Class: Class A3
Designer: Sir Nigel Gresley
Weight: 154 tons
Purpose: Express Passenger
Information: Although Class A3 locomotives were introduced in 1928; the reality is that they were all re-builds of earlier A1 locomotives dating back to 1922. The locomotives were intended to replace the ageing Ivatt 4-4-2’s on the East Coast Mainline between London and Newcastle. One member of the class “Flying Scotsman” is with-out doubt the world’s best known steam locomotive and certainly the most traveled.
Details: Class A3 locomotives were designed under the guidance of Sir Nigel Gresley, Chief Mechanical Engineer for the London North Eastern Railway (LNER). The class comprised a total of 79-members, most of which (52) were re-builds of the earlier Class A1 Pacifics. The class was designed to handle the ever increasing loads for express passenger service on the East Coast Mainline, replacing older Ivatt Atlantic class locomotives.
The A3 design expanded on earlier success of the A1 class by introducing a super-heated boiler, changes to the valve gear, and revised cylinders. The changes were necessary to enable even longer non-stop runs after the grouping of former GNR into the newly formed London North Eastern Railway (LNER). The modification also changed the driver’s position over to the left-side in to provide better driver visibility of track signals. The biggest visible distinguishing feature between the two classes was the new “banjo dome” atop the boiler. To many eyes the result was one of the finest looking steam locomotive designs in Britain.
The redesigned locomotives were capable of hauling the heavily loaded trains in excess of 100-mph.
Members of the A1 class were all built with large 8-wheel tenders in order to cope with long non-stop workings. By 1928, while members of the class were being converted to class A3 specifications, 10-members were provided with a new corridor style tender. This design enabled non-stop running from London’s Kings Cross through to Edinburgh Waverly, a distance of 392-miles.
Further improvements were made to members of the class through the 1950’s including a Kylchap chimney for improved exhaust and fitting of German style steam deflectors to rectify a deep rooted driver complaints concerning visibility. However, by the mid-1930’s the lessons learned from the top-link A1/A3’s were already being applied to the A4 design.
The locomotives, built in the LNER Doncaster works were all turned-out in lined LNER apple green livery. After nationalisation some members were repainted in the experimental Blue livery adopted by the newly formed British Railways. This colour was quickly superseded by the over-all British Railways Brunswick green lined livery that was maintained to the end.
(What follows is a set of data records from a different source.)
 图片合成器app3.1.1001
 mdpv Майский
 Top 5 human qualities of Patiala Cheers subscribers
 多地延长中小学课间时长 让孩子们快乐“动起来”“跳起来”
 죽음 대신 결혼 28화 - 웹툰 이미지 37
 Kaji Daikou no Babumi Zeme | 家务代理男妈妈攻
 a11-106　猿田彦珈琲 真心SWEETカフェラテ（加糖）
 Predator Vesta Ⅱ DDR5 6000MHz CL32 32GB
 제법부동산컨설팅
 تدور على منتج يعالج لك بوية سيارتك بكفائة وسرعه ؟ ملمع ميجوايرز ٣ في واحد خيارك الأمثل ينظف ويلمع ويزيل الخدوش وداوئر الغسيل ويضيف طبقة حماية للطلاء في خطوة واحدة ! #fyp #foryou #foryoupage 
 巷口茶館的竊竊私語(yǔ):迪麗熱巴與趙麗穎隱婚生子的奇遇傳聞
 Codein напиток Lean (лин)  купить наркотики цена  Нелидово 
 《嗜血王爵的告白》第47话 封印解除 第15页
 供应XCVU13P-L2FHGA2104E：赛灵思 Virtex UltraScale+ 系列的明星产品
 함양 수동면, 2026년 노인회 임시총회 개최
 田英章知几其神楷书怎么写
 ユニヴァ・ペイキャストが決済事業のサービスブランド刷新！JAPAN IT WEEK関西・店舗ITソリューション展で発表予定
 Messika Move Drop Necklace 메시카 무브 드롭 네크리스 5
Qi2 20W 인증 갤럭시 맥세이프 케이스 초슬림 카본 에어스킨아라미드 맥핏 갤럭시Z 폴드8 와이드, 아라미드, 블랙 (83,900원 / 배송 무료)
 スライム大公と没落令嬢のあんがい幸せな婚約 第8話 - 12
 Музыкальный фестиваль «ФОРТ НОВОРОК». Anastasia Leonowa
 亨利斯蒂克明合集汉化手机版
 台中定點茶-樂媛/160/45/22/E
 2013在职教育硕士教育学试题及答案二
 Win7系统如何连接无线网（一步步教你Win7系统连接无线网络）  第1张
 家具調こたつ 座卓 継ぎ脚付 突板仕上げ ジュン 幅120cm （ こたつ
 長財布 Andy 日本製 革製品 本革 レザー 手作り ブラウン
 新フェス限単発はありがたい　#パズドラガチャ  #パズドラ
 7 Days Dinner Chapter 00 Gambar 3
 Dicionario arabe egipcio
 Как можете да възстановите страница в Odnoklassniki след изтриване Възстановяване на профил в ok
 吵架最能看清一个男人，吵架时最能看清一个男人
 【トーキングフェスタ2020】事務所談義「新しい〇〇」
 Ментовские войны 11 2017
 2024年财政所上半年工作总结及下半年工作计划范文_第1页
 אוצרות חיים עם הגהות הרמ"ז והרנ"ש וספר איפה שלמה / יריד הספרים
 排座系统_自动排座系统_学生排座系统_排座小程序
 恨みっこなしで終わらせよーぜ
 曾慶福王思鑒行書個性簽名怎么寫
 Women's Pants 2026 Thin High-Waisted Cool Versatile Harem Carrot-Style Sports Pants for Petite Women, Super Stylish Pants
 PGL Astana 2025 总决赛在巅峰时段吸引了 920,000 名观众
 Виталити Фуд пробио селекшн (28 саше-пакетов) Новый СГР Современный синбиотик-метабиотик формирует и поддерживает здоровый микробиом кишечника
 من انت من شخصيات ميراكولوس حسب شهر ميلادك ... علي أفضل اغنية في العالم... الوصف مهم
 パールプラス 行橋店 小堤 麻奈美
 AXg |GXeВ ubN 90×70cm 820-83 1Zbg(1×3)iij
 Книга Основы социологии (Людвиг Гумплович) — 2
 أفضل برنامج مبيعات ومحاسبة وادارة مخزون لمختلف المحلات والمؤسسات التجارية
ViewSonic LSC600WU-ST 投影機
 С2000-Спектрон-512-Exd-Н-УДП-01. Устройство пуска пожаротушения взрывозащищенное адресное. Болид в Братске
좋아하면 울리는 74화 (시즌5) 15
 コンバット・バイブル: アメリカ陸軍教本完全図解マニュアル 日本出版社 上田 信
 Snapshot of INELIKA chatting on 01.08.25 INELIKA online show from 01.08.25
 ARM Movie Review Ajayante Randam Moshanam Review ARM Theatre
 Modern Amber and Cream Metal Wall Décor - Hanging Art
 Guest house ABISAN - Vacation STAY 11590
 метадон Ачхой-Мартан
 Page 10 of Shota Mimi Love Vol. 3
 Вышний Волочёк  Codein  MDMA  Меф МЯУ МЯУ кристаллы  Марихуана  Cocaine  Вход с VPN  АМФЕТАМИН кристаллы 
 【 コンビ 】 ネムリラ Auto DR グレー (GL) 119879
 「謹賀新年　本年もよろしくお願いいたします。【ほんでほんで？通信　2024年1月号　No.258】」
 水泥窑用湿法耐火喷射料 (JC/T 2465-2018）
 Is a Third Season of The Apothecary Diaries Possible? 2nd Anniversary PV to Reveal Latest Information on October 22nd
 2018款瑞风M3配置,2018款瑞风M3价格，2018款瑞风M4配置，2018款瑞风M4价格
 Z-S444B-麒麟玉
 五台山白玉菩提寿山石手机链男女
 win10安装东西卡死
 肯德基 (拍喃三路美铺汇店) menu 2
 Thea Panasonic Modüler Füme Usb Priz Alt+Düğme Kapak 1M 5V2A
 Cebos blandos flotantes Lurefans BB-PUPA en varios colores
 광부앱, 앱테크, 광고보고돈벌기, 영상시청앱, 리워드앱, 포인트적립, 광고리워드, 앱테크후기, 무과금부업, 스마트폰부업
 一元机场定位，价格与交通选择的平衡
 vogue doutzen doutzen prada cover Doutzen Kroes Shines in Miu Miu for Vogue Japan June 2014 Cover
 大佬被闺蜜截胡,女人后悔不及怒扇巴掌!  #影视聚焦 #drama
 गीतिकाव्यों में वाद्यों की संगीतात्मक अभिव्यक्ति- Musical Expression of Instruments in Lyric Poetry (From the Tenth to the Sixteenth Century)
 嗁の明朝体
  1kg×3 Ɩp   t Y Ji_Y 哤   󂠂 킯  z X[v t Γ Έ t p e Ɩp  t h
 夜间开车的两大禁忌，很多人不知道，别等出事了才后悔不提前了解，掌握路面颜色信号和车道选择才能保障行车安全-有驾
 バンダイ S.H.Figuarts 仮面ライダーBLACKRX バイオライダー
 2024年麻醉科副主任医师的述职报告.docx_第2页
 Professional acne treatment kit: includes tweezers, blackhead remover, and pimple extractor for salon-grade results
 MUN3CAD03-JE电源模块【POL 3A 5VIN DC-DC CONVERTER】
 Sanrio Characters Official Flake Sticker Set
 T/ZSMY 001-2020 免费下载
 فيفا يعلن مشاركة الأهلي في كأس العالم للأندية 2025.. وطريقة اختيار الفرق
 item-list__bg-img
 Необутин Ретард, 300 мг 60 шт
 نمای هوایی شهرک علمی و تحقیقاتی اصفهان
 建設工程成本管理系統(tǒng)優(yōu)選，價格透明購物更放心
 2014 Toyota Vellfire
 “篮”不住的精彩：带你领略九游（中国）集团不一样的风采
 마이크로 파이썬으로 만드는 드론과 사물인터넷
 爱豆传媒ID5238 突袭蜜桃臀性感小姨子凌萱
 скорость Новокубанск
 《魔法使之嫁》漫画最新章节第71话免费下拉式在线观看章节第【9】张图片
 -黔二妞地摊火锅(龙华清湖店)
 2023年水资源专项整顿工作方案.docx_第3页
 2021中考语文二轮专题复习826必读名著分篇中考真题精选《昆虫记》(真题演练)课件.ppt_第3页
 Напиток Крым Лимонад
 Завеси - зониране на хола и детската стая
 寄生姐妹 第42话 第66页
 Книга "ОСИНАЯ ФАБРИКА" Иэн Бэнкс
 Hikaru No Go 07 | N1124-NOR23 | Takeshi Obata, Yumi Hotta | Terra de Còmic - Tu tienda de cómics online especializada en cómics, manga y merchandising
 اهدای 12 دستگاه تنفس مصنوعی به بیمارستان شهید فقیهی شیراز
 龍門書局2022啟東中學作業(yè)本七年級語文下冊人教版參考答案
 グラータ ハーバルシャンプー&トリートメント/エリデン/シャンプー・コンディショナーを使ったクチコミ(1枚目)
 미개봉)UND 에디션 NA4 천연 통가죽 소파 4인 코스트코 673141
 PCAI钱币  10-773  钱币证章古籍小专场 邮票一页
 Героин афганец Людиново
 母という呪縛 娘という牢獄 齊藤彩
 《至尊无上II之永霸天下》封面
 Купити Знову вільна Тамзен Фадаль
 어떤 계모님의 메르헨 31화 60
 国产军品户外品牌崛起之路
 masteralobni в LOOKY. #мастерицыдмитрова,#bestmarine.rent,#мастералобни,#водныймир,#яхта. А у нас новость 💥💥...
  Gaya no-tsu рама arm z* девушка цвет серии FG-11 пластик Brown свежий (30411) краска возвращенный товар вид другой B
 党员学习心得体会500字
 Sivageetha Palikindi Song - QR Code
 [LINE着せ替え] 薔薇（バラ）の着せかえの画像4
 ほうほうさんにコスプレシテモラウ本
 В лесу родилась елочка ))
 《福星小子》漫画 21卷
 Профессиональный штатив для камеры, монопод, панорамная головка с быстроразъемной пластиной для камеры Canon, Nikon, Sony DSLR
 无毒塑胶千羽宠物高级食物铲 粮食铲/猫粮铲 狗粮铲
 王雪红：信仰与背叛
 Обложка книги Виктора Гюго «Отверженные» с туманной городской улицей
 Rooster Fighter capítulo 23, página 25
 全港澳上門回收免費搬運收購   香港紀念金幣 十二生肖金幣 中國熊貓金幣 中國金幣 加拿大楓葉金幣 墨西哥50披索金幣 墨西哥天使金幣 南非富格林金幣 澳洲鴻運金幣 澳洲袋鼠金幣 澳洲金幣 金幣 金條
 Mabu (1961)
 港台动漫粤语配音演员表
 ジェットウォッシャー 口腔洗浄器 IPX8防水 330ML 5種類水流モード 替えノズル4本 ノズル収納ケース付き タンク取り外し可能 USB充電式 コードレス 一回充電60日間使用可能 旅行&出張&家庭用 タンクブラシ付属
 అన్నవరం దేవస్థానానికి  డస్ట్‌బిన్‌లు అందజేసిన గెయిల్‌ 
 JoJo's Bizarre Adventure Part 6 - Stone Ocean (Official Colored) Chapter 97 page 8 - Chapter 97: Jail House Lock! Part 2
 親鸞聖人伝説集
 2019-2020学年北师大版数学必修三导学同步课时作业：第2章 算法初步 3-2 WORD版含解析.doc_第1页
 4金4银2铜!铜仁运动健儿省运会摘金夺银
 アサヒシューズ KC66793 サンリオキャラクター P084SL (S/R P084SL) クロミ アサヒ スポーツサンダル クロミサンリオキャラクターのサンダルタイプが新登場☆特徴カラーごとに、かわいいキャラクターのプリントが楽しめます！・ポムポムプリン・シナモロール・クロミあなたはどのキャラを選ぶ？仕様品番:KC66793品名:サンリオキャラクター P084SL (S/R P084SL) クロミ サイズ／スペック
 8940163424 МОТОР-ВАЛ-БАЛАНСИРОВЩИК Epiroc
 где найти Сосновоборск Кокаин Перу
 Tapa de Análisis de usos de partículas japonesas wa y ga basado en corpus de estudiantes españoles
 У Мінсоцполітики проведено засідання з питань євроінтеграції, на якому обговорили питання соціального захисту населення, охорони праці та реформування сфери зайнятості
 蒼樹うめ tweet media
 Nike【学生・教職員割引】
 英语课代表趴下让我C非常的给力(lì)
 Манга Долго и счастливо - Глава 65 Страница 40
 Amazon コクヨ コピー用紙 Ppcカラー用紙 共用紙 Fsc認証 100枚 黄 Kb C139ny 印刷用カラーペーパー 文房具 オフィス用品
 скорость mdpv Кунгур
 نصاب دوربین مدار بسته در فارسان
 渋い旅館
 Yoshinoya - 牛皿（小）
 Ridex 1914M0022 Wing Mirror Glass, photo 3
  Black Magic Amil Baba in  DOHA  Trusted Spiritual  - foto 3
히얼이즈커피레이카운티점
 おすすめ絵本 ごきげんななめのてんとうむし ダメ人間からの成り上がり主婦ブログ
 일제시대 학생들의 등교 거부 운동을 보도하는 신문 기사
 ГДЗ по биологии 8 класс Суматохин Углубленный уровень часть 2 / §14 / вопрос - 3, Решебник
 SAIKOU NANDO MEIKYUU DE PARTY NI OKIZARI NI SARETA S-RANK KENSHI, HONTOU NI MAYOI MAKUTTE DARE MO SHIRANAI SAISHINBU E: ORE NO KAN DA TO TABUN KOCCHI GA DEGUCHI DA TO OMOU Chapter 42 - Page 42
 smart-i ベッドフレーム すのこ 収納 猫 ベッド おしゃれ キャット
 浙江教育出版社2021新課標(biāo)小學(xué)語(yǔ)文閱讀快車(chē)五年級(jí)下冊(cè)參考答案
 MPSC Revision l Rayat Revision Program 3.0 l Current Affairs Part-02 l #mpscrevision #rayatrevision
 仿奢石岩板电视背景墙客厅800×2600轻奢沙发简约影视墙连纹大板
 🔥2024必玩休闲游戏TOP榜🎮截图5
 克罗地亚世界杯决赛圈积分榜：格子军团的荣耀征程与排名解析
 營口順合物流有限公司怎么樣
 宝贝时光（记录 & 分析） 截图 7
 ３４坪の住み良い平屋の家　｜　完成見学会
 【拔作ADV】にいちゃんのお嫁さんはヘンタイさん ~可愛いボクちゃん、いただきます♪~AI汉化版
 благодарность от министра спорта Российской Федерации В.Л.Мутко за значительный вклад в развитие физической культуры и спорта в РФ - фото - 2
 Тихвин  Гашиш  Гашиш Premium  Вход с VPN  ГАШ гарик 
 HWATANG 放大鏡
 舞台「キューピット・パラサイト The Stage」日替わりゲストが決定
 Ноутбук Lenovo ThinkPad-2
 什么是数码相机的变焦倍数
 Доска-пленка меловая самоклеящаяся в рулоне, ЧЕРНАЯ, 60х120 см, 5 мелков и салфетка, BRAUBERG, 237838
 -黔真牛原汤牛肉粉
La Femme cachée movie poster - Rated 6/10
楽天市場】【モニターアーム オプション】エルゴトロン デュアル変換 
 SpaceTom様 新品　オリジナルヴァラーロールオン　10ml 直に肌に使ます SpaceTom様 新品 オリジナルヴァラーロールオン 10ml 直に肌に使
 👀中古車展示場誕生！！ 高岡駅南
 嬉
With their work being duplicated by new diesel designs, withdrawals began with 60104 Solario in 1959. Prince Palentine, 60052 was the last member to be withdrawn making it to January 1966.
Only one member of the class was to survive the breakers torch; “Flying Scotsman”. Although a total of 79-Class A3 locomotives were built, the one member of the class that always comes to the fore-front for enthusiasts and non-enthusiasts alike; 4472 “Flying Scotsman”. The name chosen for the second A1 locomotive built in 1923 was to be taken from the name-sake train for which the class was designed to haul. By 1963 the decision was made by British Railways to with-draw “Flying Scotsman” which in turn was taken into private ownership by Alan Pegler. At that time there was no reason to believe that due to politics and business that “Flying Scotsman” was to become a world traveler. It was not unknown for key British locomotives to tour The United States prior to World War 2; but under private owner-ship “Flying Scotsman” toured the States and Canada on an extended trip during 1969 and 1970; where it became a financial burden to her owner. Parts of the train were eventually scrapped in the States. One feature of the train was the Pullman observation car that escaped the torch only to be repatriated with the home country in the 1980’s. By 1973 the locomotive “Flying Scotsman” was repatriated and after running many steam specials through-out Britain was soon to embark on another tour; this time Australia during 1988 and 1989.
This world traveler has amassed over two-million miles during her life time. Finally in 2004 the decision was made to add the only A3 survivor to the National Railway Museum collection in York. At the time of writing the locomotive is under-going a thorough restoration process and will hopefully once again take to the mainline like the proud thorough-bred she is.